A dictionary definition of inclusion reads: “A sense of belonging: feeling respected, valued for who you are; feeling a level of supportive energy and commitment from others so that you can do your best work.”
In a South African context, when a layer of cultural diversity is added to the mix, ensuring that a newcomer is assimilated smoothly into a team is critical to team production.
Amanda commented in a forum, “After I accepted an offer from a new company and put in notice at my old company, I received emails from all the partners in my office welcoming me to the practice. It was a tough decision to leave my current position, but this made a world of difference that people at that level in the industry really did care that I was making a jump to join them.”

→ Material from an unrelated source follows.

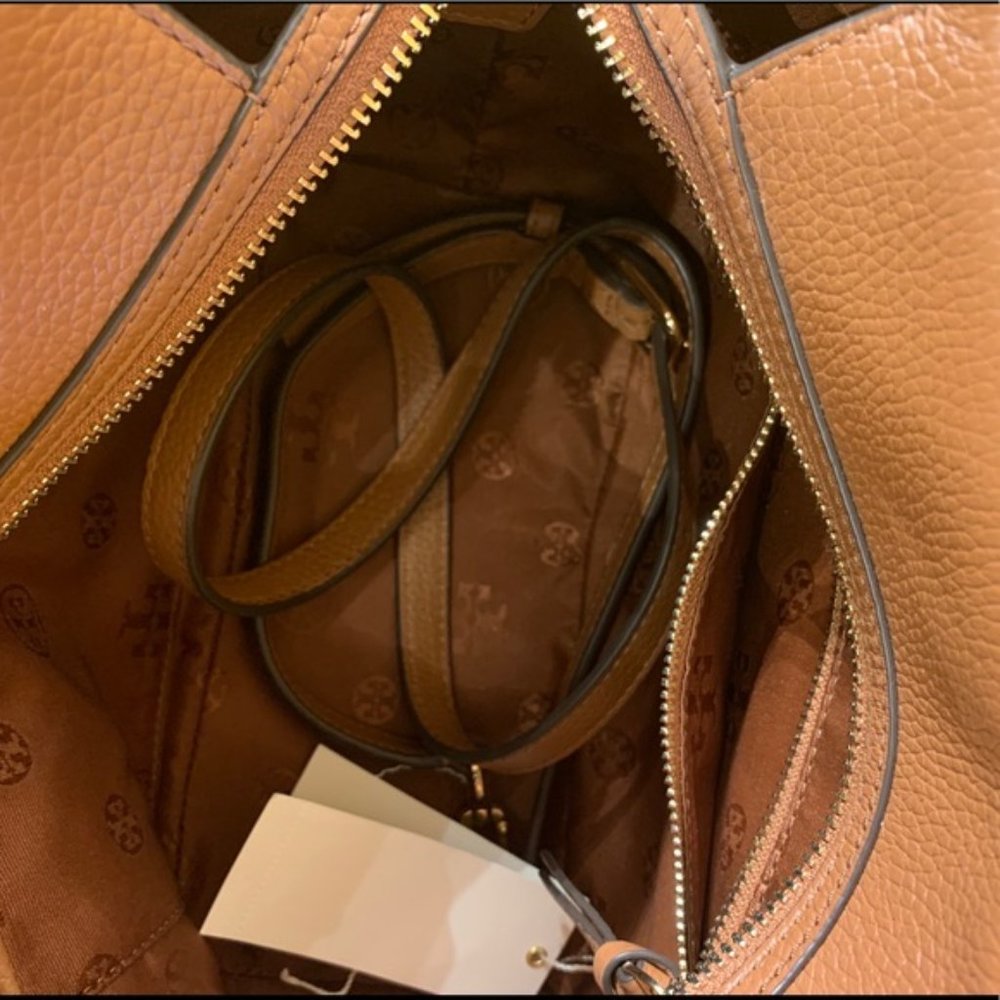 🆕 TORY BURCH Thea Mini Slouchy Satchel NWT brown - Picture 9 of 9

And it isn’t just a matter of forking out cash for sophisticated onboarding software, says Sue Edwards. “We onboarded a new sales hire, and asked everyone in her group to connect with her on Facebook, LinkedIn, AIM, Twitter etc… so we could all get to know each other a little better before she got started.

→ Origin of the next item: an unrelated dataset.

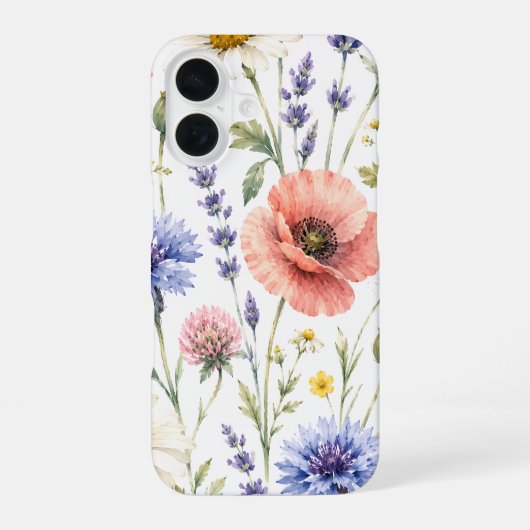 Waterverf Wilde Bloemenweide Bloemig iPhone 16 Hoesje (Achterkant)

“The result? When she came on board she already knew everybody, had a good sense of what was going on, and knew who to connect to for important info. She now holds the record for ‘fastest sale from point of hire’, and she has one of the strongest sales pipeline records of her team.”
President Obama in the USA used an onboarding process to prepare for his inauguration and cabinet recruitment, surrounding himself with people whose expertise could challenge and improve his thinking on a range of world matters. He also reached his hand across the table to invite and engage in dissenting opinion, appealing to the “we”, rather than the “I” mentality.

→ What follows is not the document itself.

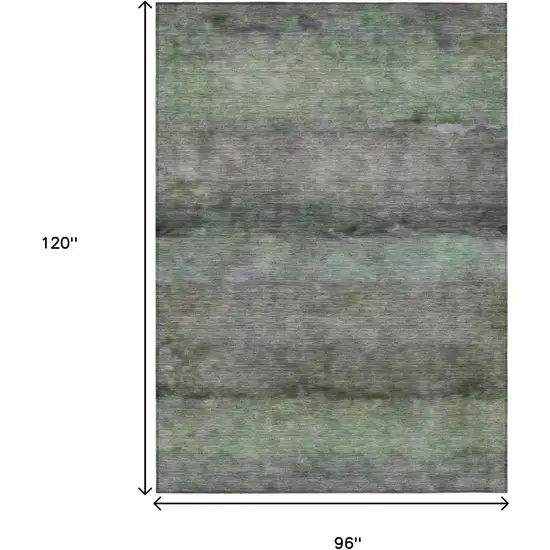 Artichoke Green And Gray Abstract Washable Indoor Outdoor Area Rug Photo 3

As a lesson to corporate leaders worldwide, the message from the “No Drama Obama” administration before and during the inauguration was for leaders to surround themselves with a mixture of talent, be truthful, and measure expectations realistically.
Rather than simply letting new recruits get on with socialisation, a concerted effort on the part of staff through social media, emails or plain communication can work wonders for staff retention and production. A little human touch can go a long way.